Foer also takes exception with those terms. He writes, “To be considered free-range, chickens raised for meat must have ‘access to the outdoors,’ which, if you take those words literally, means nothing. (Imagine a shed containing thirty thousand chickens, with a small door at one end that opens to a five-by-five dirt patch—and the door is closed all but occasionally.)”
Another term Foer blasts is “fresh.” “More bullshit,” he writes. “According to the USDA, ‘fresh’ poultry has never had an internal temperature below 26 degrees or above 40 degrees Fahrenheit. Fresh chicken can be frozen (thus the oxymoron ‘fresh frozen’), and there is no time component to food freshness. Pathogen-infested, feces-splattered chicken can technically be fresh, cage-free, and free-range, and sold in the supermarket legally (the shit does need to be rinsed off first).”
Foer tells us that “more than ten billion land animals [are] slaughtered for food every year in America,” but he does not leave out the “chicken of the sea,” to use a popular canned tuna slogan. He details the way fish are captured, how they are farmed, and in what conditions they live up until slaughter. Many people mistakenly believe eating fish is an acceptable solution to our overindulgence in red meat. Wrong. Fish often contain higher levels of mercury and other chemicals, and the factory fish farms are no better than their landlocked counterparts.
Who are the biggest violators both of ethics and health concerns? Foer singles out Tyson Foods and KFC—no surprises there. Does anyone out there believe healthy eating begins with fast food? As for Tyson, I feed my dog from their bags of chicken breasts due to his irritable bowel disease. I boil the breasts in a pot. What I see there makes me fight the gag reflex: hunks of grey-colored meat, slimy white streams in the water, globs of gristle and sometimes bone, and often an ammonia smell to the entire pot. I worry about my dog, but this meat is for human consumption. I feel nothing but trepidation for the people who purchase these discount bags of flash frozen chicken. Foer only confirms my worst fears when he discusses Tyson’s procedures for delivering food to the table. Tyson, according to Foer, is the main supplier to KFC restaurants. “An investigation at one large Tyson facility found some workers regularly ripped off the heads of fully conscious birds…” he writes, “urinated in the live-hang area (including on the conveyer belt carrying the birds), and let shoddy automated slaughter equipment that cut birds’ bodies rather than their necks go unrepaired…” At another site, “fully conscious chickens were kicked, stomped on, slammed into walls, had chewing tobacco spit in their eyes, literally had the shit squeezed out of them, and had their beaks ripped off.”
Foer presents a grim and horrific picture.

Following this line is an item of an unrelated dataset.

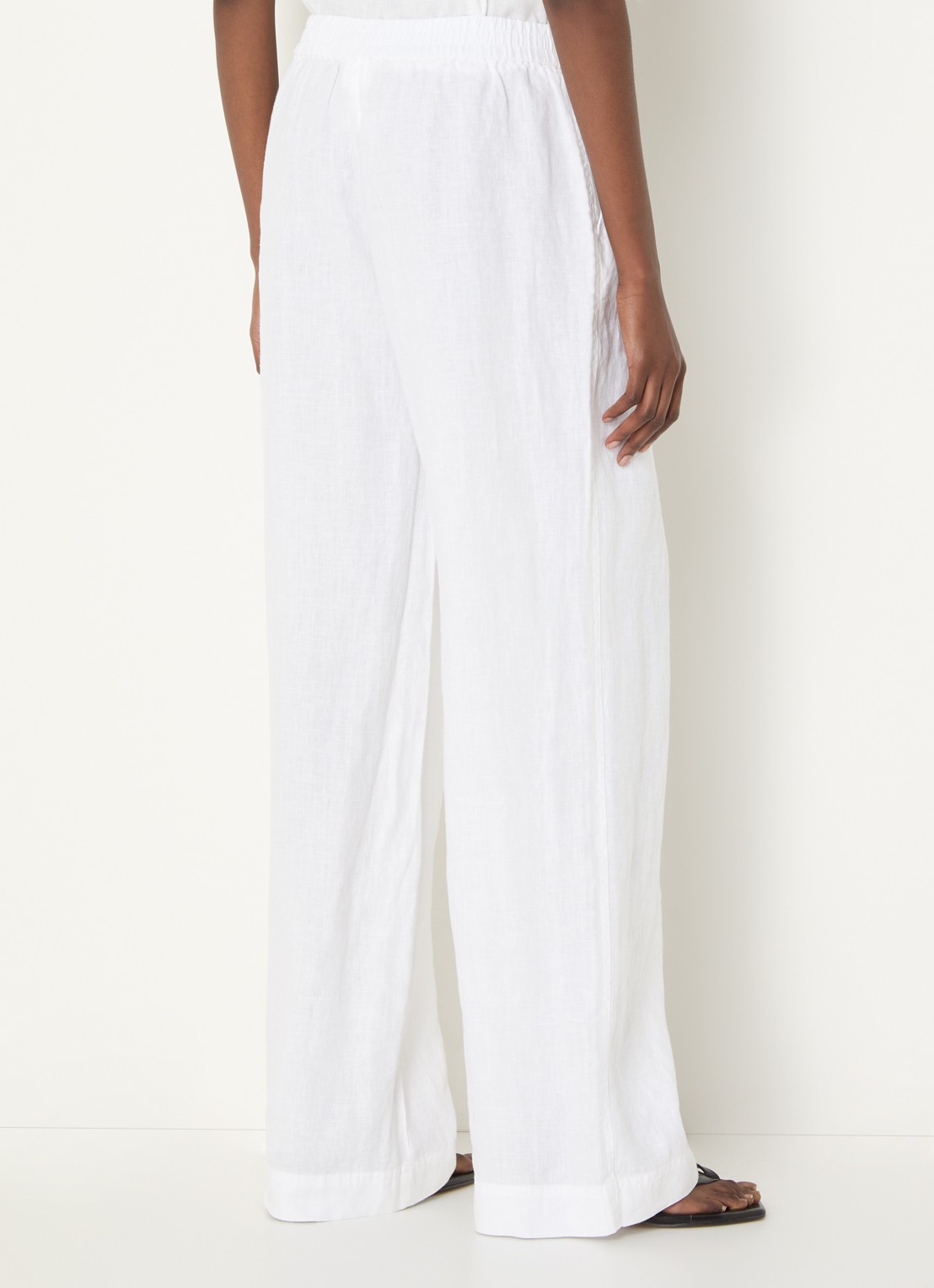 CLOSED Winona high waist wide fit pantalon van linnen - achterkant gebroken wit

There is some of the cutesy typeface tricks of his novels, but his message is clear. We are doing a disservice to our world with our out-of-control demand for meat. His book is a good beginning for those who wish to know more about what happens before that turkey, pig, chicken, or cow comes to the table. The information Foer presents is available elsewhere, including some interesting images and film clips posted on the internet. However, he presents our problem as a moral issue, not just a dietary preference, or a way to eat more healthy.
Jonathan Safran Foer believes we are committing atrocities, demonstrating our rampant disregard for our fellow creatures, and by not mending our ways, we are tempting the hand of God. And this reason alone should be enough for us to rethink our dietary choices.